Yet cross-national differences occur in the size and direction of gender gaps. I argue that electoral rules and women’s political participation might contribute to explaining these differences. First, contact is contingent on the electoral context – that is, the incentive structure provided by electoral systems (Arceneaux and Nickerson, 2009). High-salience elections result in more citizens aware of and interested in the outcome, creating incentives for political parties and candidates to mobilize low-propensity voters. These voters might be more receptive to contact efforts in high-salience elections since they are more likely to have an interest in the outcome. This creates incentives for campaigns to increase their contact efforts. In low-salience elections, contact efforts targeted toward low-propensity voters are less likely to be successful and, consequently, campaigns might decide to focus on high-propensity voters.
Kittilson and Schwindt-Bayer (2012) argue that women constitute an ‘undertapped market’ in politics. Women have not realized their full political potential since men are more likely to be represented in politics, to be selected as political leaders and to participate in various electoral activities. Consequently, Kittilson and Schwindt-Bayer argue that ‘women are an especially rich target for parties seeking to expand their bases of support’ (2012: 19). As such, I hypothesize that electoral campaigns target women to a greater extent when they have the incentives to increase contact efforts.
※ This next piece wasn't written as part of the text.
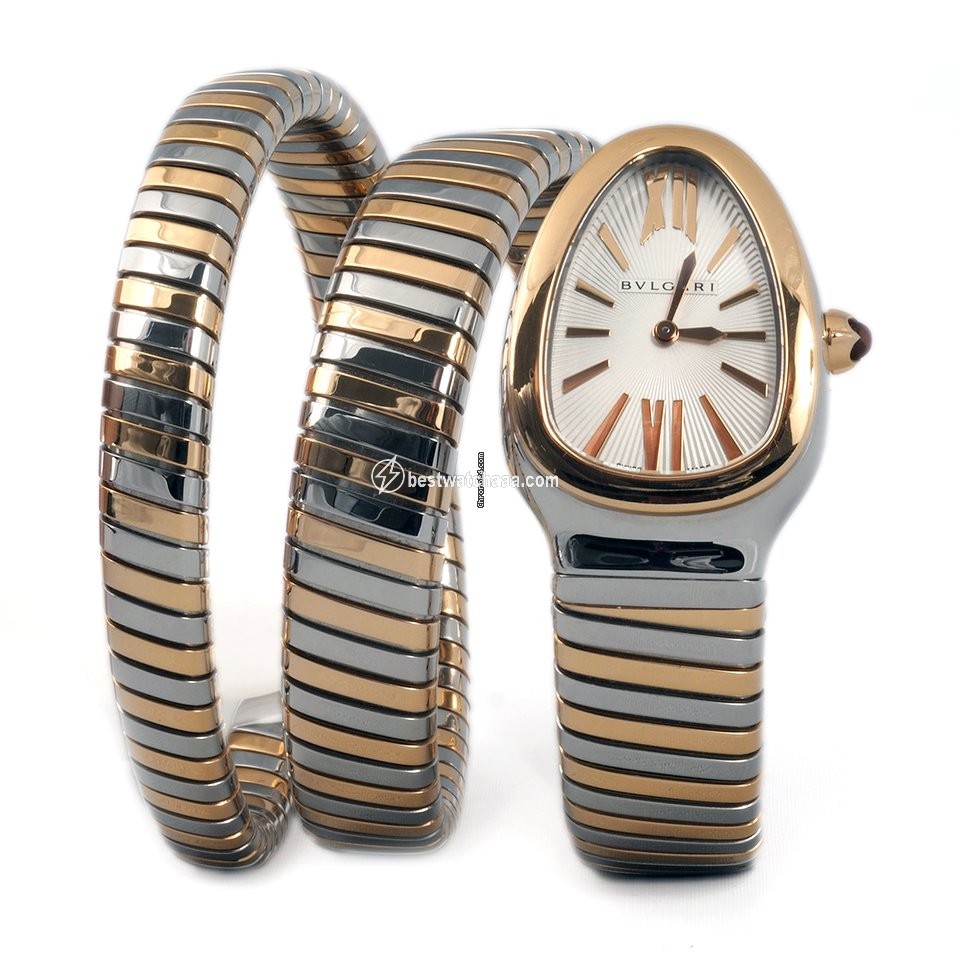Bulgari Serpenti Womens watch Quartz Gold Steel 102236 SP35C6SPG.2T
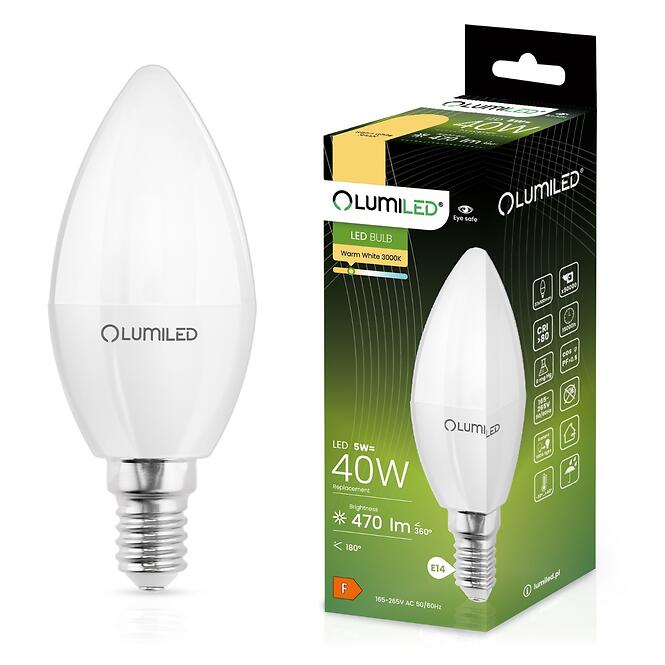 Žiarovka LED sviečka 5W E14 470LM CB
If campaigns are more likely to contact voters under highly competitive elections that occur under plurality electoral systems (Karp et al., 2008), they may be more likely to reach out to this ‘undertapped market’, leading to higher reported contact rates for women and smaller gender gaps.
Other aspects of plurality systems are also conducive to increased contact rates for women, such as SMD and lower voter turnout. As discussed above, if voters can more easily identify their representative and other candidates running for office under SMD, the cost of engaging in mobilization is lower for campaigns, which increases overall contact rates. Similarly, when turnout is low, campaigns can obtain a bigger reward by engaging in increased contact efforts since the number of votes needed to win is lower than it might otherwise be. Again, because women constitute an ‘undertapped’ political market, they might report greater contact rates than men when these conditions are met. If campaigns increase their contact efforts, it is a better allocation of resources to focus on larger demographically identifiable groups such as women. Thus, under plurality systems, increased competitiveness, SMD and lower voter turnout should lead to higher likelihoods of reported contacts for women and men, but the impact should be stronger for women, decreasing gender gaps.
H1: Plurality electoral systems should be associated with a higher likelihood of reporting electoral campaign contacts for women than for men, decreasing gender gaps.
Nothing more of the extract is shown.